Belgian kit helicopter

The Dynali H3 EasyFlyer, now known as the Sport, is a Belgian helicopter designed and produced by the Dynali of the Thines district of Nivelles. The aircraft is supplied complete and ready-to-fly-aircraft or as a kit for amateur construction.

==Design and development==
The H3 was designed for the flight training, utility and personal-use roles. It was designed to comply with the European Class 6 microlight helicopter rules, in particular the French Class 6 Microlight Category, at a gross weight of 450 kg. It features a single main rotor and tail rotor, a two-seats-in side-by-side configuration enclosed cockpit with a bubble canopy, skid landing gear and a four-cylinder, liquid and air-cooled, four stroke 100 hp Rotax 912ULS engine, a Dynali-developed fuel-injected 110 hp conversion Rotax 912ULS-1 engine or a 115 hp turbocharged Rotax 914 powerplant.

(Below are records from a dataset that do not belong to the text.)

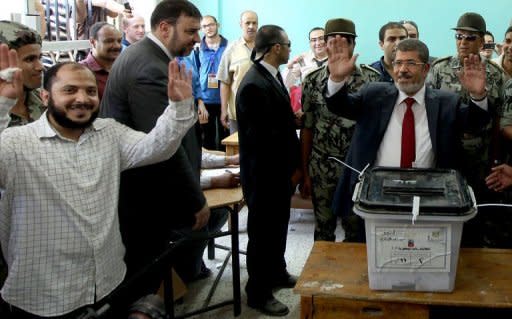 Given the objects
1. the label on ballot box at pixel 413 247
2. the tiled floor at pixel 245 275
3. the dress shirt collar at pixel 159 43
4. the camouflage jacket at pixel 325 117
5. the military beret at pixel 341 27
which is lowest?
the tiled floor at pixel 245 275

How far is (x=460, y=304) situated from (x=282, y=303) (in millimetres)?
1437

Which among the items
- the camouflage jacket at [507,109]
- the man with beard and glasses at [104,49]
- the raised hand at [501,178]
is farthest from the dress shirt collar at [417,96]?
the man with beard and glasses at [104,49]

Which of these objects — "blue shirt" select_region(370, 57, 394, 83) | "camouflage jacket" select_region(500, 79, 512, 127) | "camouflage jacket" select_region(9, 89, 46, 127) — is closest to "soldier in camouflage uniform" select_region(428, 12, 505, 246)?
"camouflage jacket" select_region(500, 79, 512, 127)

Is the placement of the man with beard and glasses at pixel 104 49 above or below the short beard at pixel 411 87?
above

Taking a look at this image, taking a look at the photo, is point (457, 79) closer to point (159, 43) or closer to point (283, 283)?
point (283, 283)

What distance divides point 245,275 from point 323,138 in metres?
1.01

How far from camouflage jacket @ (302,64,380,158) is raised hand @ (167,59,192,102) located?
126cm

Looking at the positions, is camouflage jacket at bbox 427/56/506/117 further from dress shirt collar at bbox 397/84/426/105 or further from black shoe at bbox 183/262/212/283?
black shoe at bbox 183/262/212/283

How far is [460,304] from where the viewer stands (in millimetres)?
1692

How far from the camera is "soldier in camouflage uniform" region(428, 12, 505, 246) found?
292 centimetres

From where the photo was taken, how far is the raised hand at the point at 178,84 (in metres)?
1.83

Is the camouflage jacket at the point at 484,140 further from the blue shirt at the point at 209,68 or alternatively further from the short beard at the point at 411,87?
the blue shirt at the point at 209,68

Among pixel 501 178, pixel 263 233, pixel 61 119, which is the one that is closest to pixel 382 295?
pixel 501 178

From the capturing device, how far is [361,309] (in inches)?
69.0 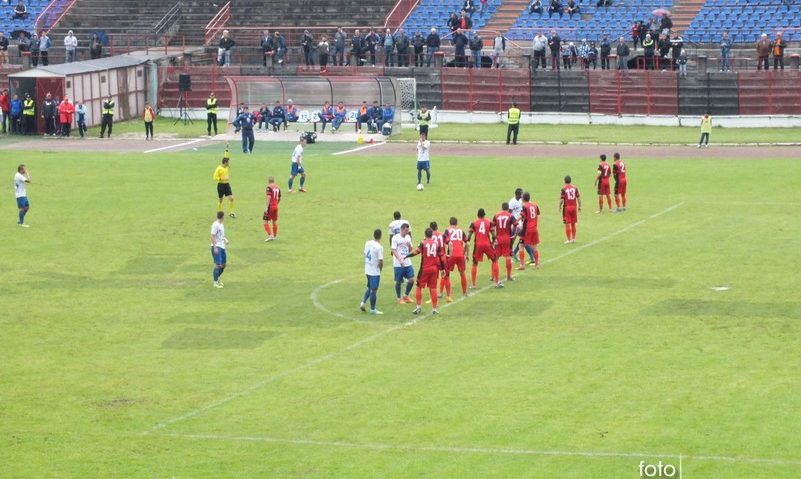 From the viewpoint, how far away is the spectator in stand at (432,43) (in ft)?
252

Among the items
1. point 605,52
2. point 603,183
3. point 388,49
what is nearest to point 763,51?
point 605,52

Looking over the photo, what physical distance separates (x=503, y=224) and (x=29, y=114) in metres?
42.7

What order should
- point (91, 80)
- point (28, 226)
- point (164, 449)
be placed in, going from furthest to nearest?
point (91, 80), point (28, 226), point (164, 449)

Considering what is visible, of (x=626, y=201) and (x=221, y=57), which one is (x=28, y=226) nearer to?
(x=626, y=201)

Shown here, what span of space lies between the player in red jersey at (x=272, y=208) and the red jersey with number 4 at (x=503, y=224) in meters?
8.59

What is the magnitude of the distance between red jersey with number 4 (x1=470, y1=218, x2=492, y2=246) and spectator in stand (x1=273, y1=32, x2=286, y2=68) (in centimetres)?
4777

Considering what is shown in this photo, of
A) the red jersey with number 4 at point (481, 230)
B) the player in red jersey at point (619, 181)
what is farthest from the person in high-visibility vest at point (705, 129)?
the red jersey with number 4 at point (481, 230)

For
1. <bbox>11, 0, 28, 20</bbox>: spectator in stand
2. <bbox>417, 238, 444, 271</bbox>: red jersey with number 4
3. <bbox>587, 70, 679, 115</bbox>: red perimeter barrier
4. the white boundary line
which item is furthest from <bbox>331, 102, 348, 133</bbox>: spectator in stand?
<bbox>417, 238, 444, 271</bbox>: red jersey with number 4

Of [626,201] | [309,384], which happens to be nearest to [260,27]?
[626,201]

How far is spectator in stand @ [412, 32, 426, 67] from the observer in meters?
77.6

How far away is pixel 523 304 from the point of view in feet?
109

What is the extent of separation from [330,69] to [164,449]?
57399 millimetres

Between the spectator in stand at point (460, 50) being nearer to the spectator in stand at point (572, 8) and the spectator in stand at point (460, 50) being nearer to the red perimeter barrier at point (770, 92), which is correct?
the spectator in stand at point (572, 8)

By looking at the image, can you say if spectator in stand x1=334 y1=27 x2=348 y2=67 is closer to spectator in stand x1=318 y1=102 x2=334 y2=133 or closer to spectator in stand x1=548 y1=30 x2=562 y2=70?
spectator in stand x1=318 y1=102 x2=334 y2=133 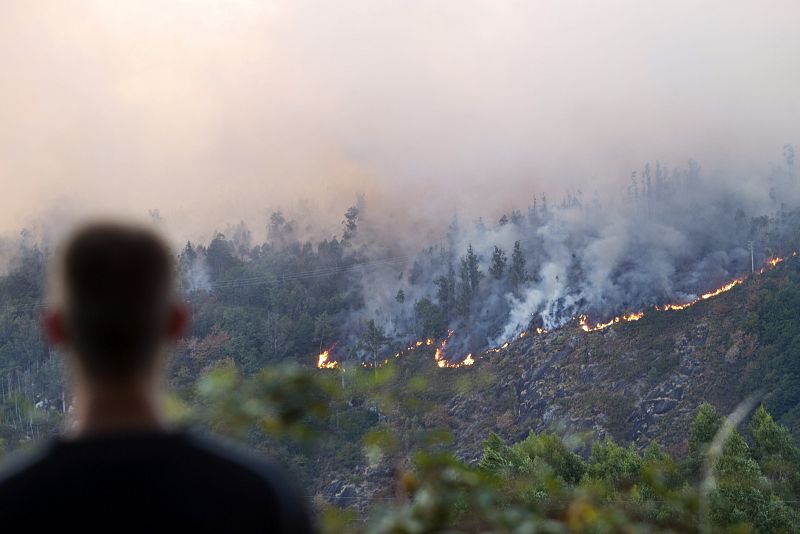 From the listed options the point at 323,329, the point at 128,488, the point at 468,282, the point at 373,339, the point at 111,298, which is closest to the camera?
the point at 128,488

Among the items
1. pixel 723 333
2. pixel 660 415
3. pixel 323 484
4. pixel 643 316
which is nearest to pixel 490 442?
pixel 323 484

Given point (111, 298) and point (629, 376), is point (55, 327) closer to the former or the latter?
point (111, 298)

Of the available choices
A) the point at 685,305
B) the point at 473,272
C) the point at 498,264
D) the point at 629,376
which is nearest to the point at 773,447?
the point at 629,376

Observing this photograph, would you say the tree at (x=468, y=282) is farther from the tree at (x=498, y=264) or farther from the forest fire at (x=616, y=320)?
the forest fire at (x=616, y=320)

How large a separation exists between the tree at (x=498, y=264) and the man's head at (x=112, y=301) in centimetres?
10041

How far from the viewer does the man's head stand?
5.28 feet

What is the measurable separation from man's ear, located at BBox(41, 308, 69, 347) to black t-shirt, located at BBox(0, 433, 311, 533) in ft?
0.67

The aircraft's gross weight varies from 450 kg for the microlight category, with heavier weights available depending on installed power in other national categories, such as light-sport aircraft. With the Rotax 912ULS engine, the gross weight is 500 kg, 550 kg with the Rotax 912ULS-1 and 600 kg with the Rotax 914.

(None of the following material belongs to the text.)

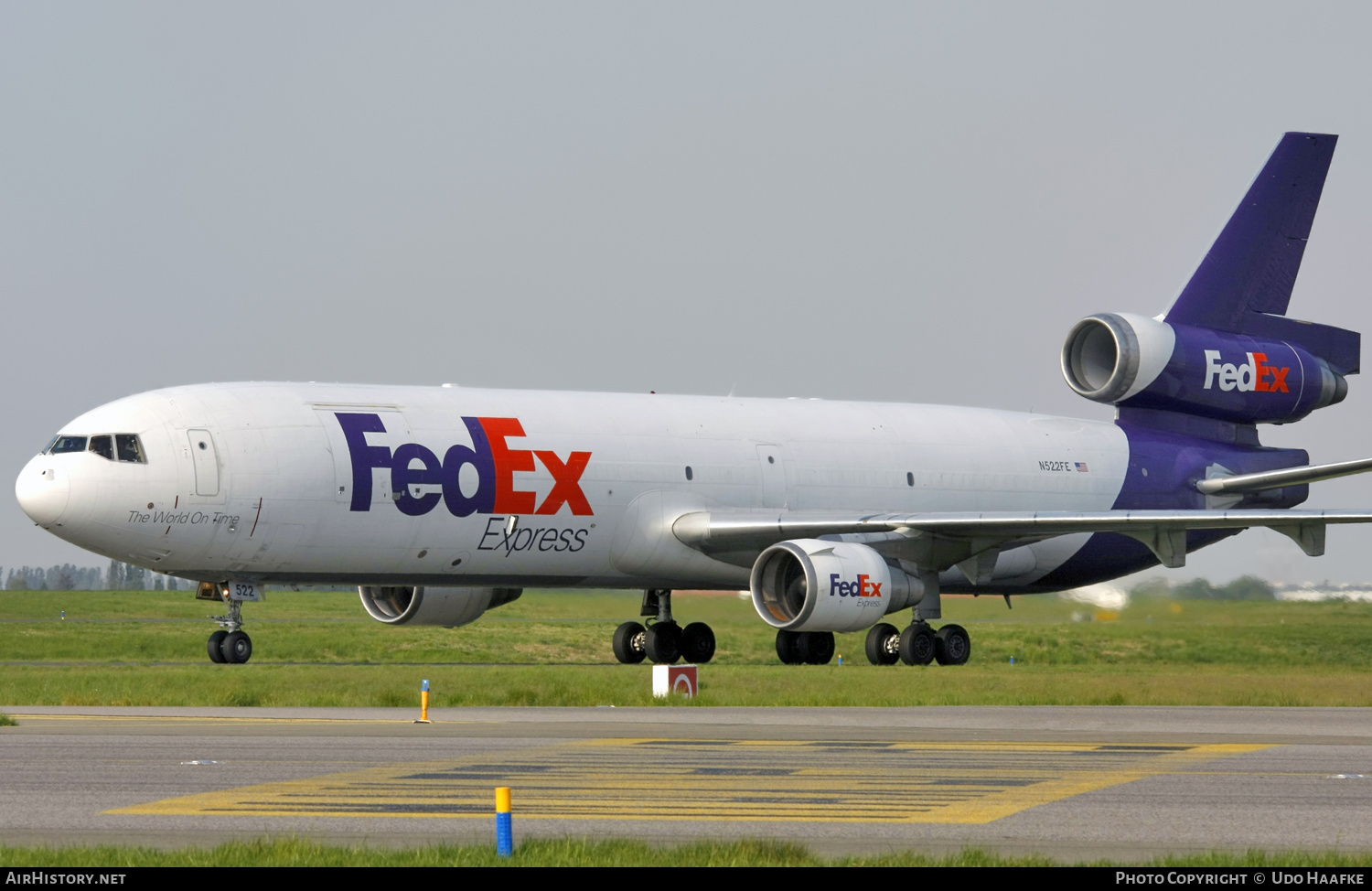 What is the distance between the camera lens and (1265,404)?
4072 centimetres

The aircraft fuselage frame is made from welded stainless steel tubing. Its two-bladed rotor has a diameter of 7.14 m and a chord of 18.5 cm. With the Rotax 914 engine the aircraft has a typical empty weight of 290 kg and a gross weight of 600 kg, giving a useful load of 310 kg. With full fuel of 60 L the payload for the pilot, passenger and baggage is 267 kg.